Bozkır Zengibar Kalesi
Bozkır'a hakim olan bir tepe üzerine kurulu olan Isaura, Zengibar Kalesi olarak adlandırılmakta ve Bozkır'a 16 km uzaklıktadır. Isaura, 1860 metre yükseklikte bir tepe üzerine kurulmuştur. Sarp uçurumlarla çevrilmiş olan tepe, Konya ve Toroslar'ı kontrol altında tutabilen bir yerdir. Özellikle seçilmiş olan bu dağ tepesi, ayrıca Seydişehir, Karaman, Hadim yörelerini de kontrol altına almaktadır. Bol su kaynaklarının bulunduğu, Toros dağ sıralarının, Seydişehir ve Suğla Gölünün, hatta Konya’nın bir çok yöresinin görülebildiği bu hakim tepe, Isauralılar tarafından bilinçli olarak seçilmiştir. Surlarının uzunluğunun 4 km olduğu bilinen Zengibar Kalesinin Selçuklular zamanında fethedildiği sanılmaktadır.
Tarihi kaynaklarda; "Bozkır, eski çağlarda Isaura bölgesi içindedir. Bizans (Roma) döneminde Leontopolis olan bugünkü şehrin güney doğusunda, daha sonra yeni Isauri denilen (Isauria Nova) büyük bir kale yapılmıştır. (Bugünkü adı Zengibar) Kalede yirmi yedi kilisenin olduğu rivayet edilmektedir. Kalenin bugün bir kaç burca ayakta kalabilmiş, daha çok amatör define arayıcılarının tahribine uğramıştır. "Büyük Selçuklu (Anadolu) Sultanı Alaeddin Keykubat Alaiye (Alanya)'yi fethe giderken buradan geçtiği tahmin edilmektedir. (Çünkü Alanya'ya en kısa karayolu buradan geçmektedir''. (162.5 km.)
Bozkır Aygır Pınarı
Bozkır’ın doğal güzelliklerinin en önemlilerinden olan Aygır Pınarı, mesire alanı olarak düzenlenmektedir.
Bozkır Dipsiz Göl
Bir tarafta Bozkır-Sorkun Sarıot yaylaları diğer tarafta ise Akseki yaylalarının birleştiği bölgede, 2.800 metre rakımda bulunan ve etrafı Yörük obalarıyla çevrili bir doğa harikası olan Dipsiz Göl, çok berrak ve bir o kadar da temiz suya sahiptir.
Bozkır Sarıot Gölü
Bozkır Tahini
Bozkır Kurşunlu Camii
Bozkır Kurşunlu Camii
KURŞUNLU CAMİİ: Üçpınar Kasabası'nın Hocaköy mahallesinde bulunan Camiinin ilk olarak düz toprak damlı ve ahşap bir yapı olarak yapıldığı, daha sonra duvarlarının kalınlaştırılıp, üzerinin kubbe ile örtüldüğü tespit edilmiştir.

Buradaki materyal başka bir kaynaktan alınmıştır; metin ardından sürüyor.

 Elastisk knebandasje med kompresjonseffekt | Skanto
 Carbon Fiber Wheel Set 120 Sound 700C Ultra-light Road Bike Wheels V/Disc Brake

Kubbelerin önce çinko ile kaplanması, daha sonra kurşunla kaplatılması sonucunda ismi de "Kurşunlu Camii" olarak anılmaya başlanmıştır. Kurşunlu Camii içerisindeki süslemeler dikkat çekmektedir. Camii, "Korunması Gerekli Kültür Varlığı" olarak tescil edilmiştir. Vakıflar Müdürlüğü tarafından restorasyon çalışmaları tamamlanmıştır.
Bozkır Asarlık Camii
Bozkır Asarlık Camii
ASARLIK CAMİİ: Bozkır'daki Osmanlı devri eserlerinden olan cami 1282 (Hicri) yılında yapılmıştır. Hisarlık (Asarlık) Kasabası Camisi ahşap işçiliği ve duvar freskoları bakımından ayrı bir önem taşımaktadır. Güdük (Kısa) tek minaresi sarı pör taştan, tek şerefeli ve sekizgen kaide üzerinde yükselmektedir. Hisarlık Kasabası Camii de "Korunması Gerekli Kültür Varlığı" olarak tescil edilmiş miraslardandır. Vakıflar Müdürlüğü tarafından restarosyon çalışmaları tamamlanmıştır.